IIoT with MQTT and Logisland Data-Historian

In the following getting tutorial we’ll drive you through the process of IIoT enablement with LogIsland platform.

Note

Be sure to know of to launch a logisland Docker environment by reading the prerequisites section

docker run -td –name kapua-sql -p 8181:8181 -p 3306:3306 kapua/kapua-sql:0.3.2 docker run -td –name kapua-elasticsearch -p 9200:9200 -p 9300:9300 elasticsearch:5.4.0 -Ecluster.name=kapua-datastore -Ediscovery.type=single-node -Etransport.host=_site_ -Etransport.ping_schedule=-1 -Etransport.tcp.connect_timeout=30s docker run -td –name kapua-broker –link kapua-sql:db –link kapua-elasticsearch:es –env commons.db.schema.update=true -p 1883:1883 -p 61614:61614 kapua/kapua-broker:0.3.2 docker run -td –name kapua-console –link kapua-sql:db –link kapua-broker:broker –link kapua-elasticsearch:es –env commons.db.schema.update=true -p 8080:8080 kapua/kapua-console:0.3.2 docker run -td –name kapua-api –link kapua-sql:db –link kapua-broker:broker –link kapua-elasticsearch:es –env commons.db.schema.update=true -p 8081:8080 kapua/kapua-api:0.3.2

docker run -td –name logisland-historian -p 8983:8983 hurence/chronix:latest

docker run -it –env MQTT_BROKER_URL=tcp://10.20.20.87:1883 –env SOLR_CONNECTION=http://10.20.20.87:8983/solr –name kapua-logisland hurence/logisland:0.12.0 bin/logisland.sh –conf conf/mqtt-to-historian.yml

Note, it is possible to store data in different datastores.

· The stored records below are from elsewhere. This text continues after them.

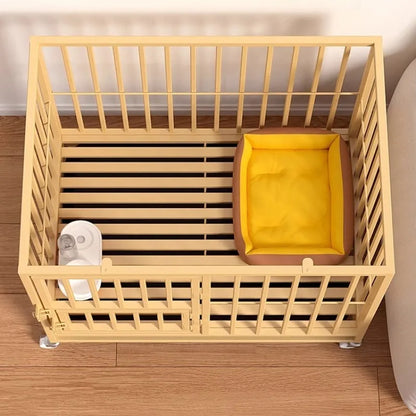 Dog House Outdoor Insulation Medium Dog Indoor with Toilet Fence Dog Crate for Large Dogs Pet Crate modern kennel Double Doors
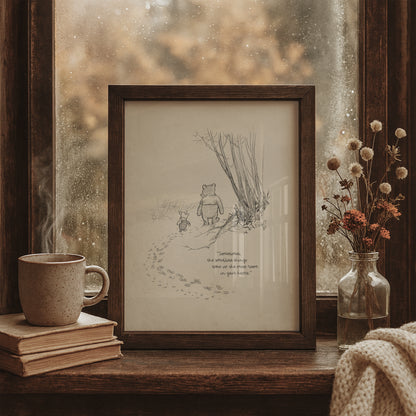 Winnie the Pooh Quote Print: Classic Shepard Illustration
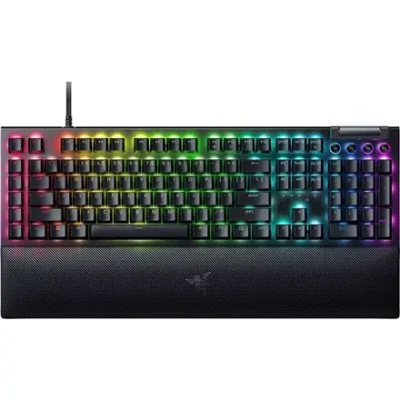 Razer  |  BlackWidow V4  |  Mehāniskā spēļu tastatūra  |  Vadu  |  RGB LED gaisma  |  ASV  |  Melna  |  Dzeltenie slēdži
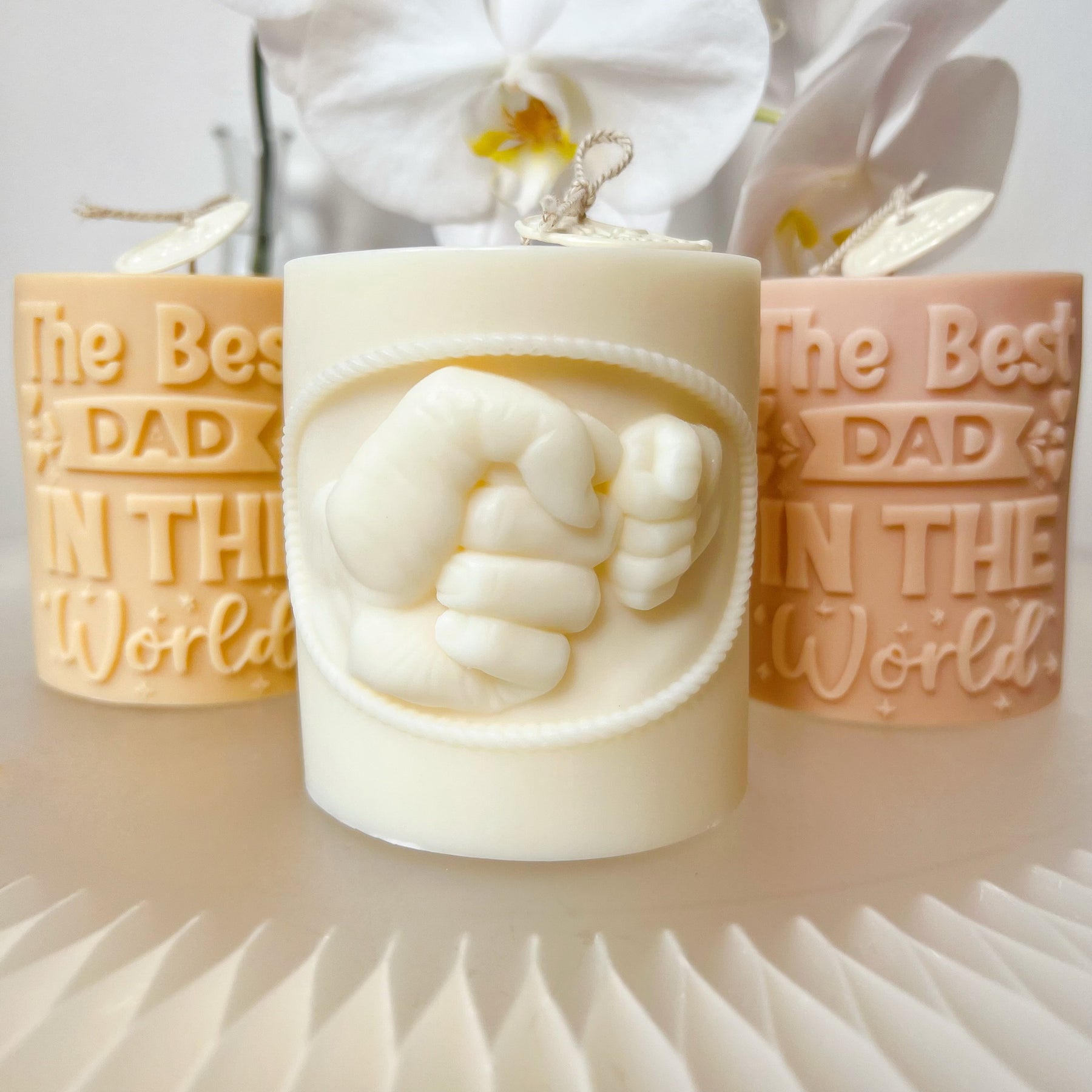 World's Best Dad Scented Soy Pillar Candle - LMJ Candles
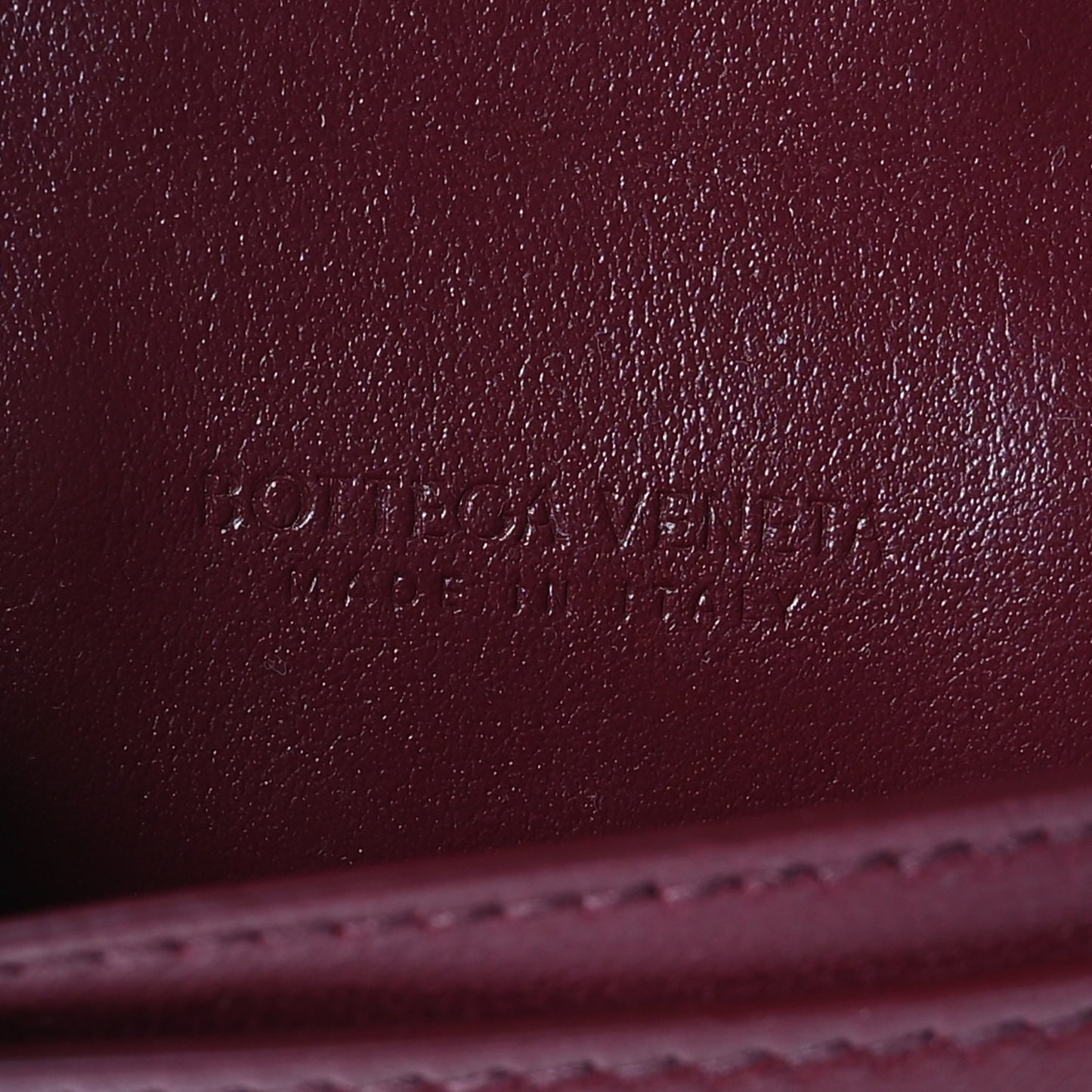 Nappa Maxi Intrecciato Card Holder Wallet Barolo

In this tutorial, we will see the case of ElasticSearch and Solr.

1. Logisland job setup

The logisland job for this tutorial is already packaged in the tar.gz assembly and you can find it here for ElasticSearch :

docker exec -i -t logisland vim conf/index-apache-logs.yml

And here for Solr :

docker exec -i -t logisland vim conf/index-apache-logs-solr.yml

We will start by explaining each part of the config file.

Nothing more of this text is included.